Reason 4: Because you have small children at home.

You’re not getting any gold stars for leaving your kids at home while you’re hike the AT for 5-months. Your young children need you at home. But that doesn’t mean that an AT thru hike isn’t in your future.

Do this instead: Get your kids into hiking.

Kids love to hike in the woods. Start out with short walks, and keep them busy by identifying plants, trees, bird song, and insects. Take them on trails that have a wow-factor, like a beautiful waterfall, or swimming hole. Buy them their own hiking gear, like trekking poles and backpacks. Before long, they might want to join you for AT section hike trips, or other missions like these in the Adirondacks or these in New Hampshire.

Reason 5: Because you don’t have any money.

Let’s face it, you need money to hike the Appalachian Trail—It costs about $6,000 to support yourself on the trail, and that’s likely without any income. And that doesn’t even cover the cost of your gear. You may think you can live on less, and maybe you can, but you’re going to want to stay in towns, eat at restaurants, pay for shuttles, and have money at the end of your hike to rent a car to buy a plane ticket to get home.

Do this instead: Stick close to home.

Not everyone who hikes the Appalachian Trail does it as a thru-hike. Parcel it out into a section hike and take on the pieces closer to home which require less traveling and expense.

Fran Leyman hikes the Beehive Dome Loop Trail in Acadia National Park. | Credit: Carey Kish

Reason 6: Because you’d rather be at the beach.

Spending your summer in the mountains might be nice for a lot of us, but it means forgoing beach days and the ocean escapes you might be used to, here and there. What if there were a way to have the best of both worlds?

Do this instead: Visit Acadia National Park in Maine.

Acadia National Park is a coastal wonderland for folks who love the beach and love to hike. The Beehive Dome Loop Trail is a challenging hike that borders on exposed via ferratta. “The views of Great Head, Sand Beach, and Newport Coveen route are spectacular,” states Carey Kish, author of AMC’s Best Day Hikes Along the Maine Coast, and editor of the AMC Maine Mountain Guide. “Over the top, the trail meanders on to the Bowl, a brilliant blue tarn tucked into the ridge below Champlain Mountain that makes a great place for a swim and a picnic lunch.”

Reason #7: Because you’ve had a recent surgery.

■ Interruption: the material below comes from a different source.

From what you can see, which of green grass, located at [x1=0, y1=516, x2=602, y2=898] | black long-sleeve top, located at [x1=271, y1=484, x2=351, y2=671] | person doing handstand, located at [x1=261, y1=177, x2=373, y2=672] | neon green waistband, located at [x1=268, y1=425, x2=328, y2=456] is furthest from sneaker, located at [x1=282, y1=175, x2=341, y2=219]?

If you’ve had a recent surgery, spending 6 months walking probably isn’t in the cards. Save it for next year.

Do this instead: Get a professional personal hiking trainer.

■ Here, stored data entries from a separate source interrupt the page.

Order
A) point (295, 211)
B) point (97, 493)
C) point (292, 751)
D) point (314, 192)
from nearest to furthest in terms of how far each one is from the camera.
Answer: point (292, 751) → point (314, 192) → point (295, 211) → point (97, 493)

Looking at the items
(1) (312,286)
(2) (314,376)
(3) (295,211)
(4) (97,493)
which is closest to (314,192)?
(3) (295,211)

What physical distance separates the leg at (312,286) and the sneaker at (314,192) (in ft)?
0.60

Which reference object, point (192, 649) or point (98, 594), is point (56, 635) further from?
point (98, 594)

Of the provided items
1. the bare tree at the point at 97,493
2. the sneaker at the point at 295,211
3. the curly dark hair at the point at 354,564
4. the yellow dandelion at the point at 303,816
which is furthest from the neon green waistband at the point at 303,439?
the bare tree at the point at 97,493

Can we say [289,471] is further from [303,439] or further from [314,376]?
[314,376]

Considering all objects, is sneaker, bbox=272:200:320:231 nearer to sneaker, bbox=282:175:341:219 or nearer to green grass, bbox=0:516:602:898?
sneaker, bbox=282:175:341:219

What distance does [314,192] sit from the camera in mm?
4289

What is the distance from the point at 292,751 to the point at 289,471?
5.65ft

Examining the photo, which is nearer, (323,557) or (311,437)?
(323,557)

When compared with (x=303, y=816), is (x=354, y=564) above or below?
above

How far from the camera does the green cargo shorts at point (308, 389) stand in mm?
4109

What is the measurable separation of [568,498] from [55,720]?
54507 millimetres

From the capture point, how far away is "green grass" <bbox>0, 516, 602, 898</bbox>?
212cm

For avid hiker Alys Spillman of Savannah, GA, who recently had foot surgery, she knew she’d have to get some help to get back on the trail safely. “I used Trailside Fitness to help with my recovery,” says Alys. “It’s an online training guide that’s helping me reach my fitness goals. I’m not ready for a thru hike yet, but these small shakedown hikes I’m doing on the weekend are getting me back in the game!”

Reason #8: Because your gear is old and heavy.

That old backpack and heavy boots might have been good enough for your grandfather, but they’re not right for you. A heavy tent and worn-out rain jacket will drag you down every minute you’re on the AT, causing you to get discouraged from the very first day out.

Do this instead: Spend a year buying new gear.

There’s no reason you need to rush to drop all that money on new gear in the month before you leave. Delay things a year, make a budget, do your research, and buy a piece of lightweight gear each month for a year. By next spring you’ll have everything you need for a successful thru hike!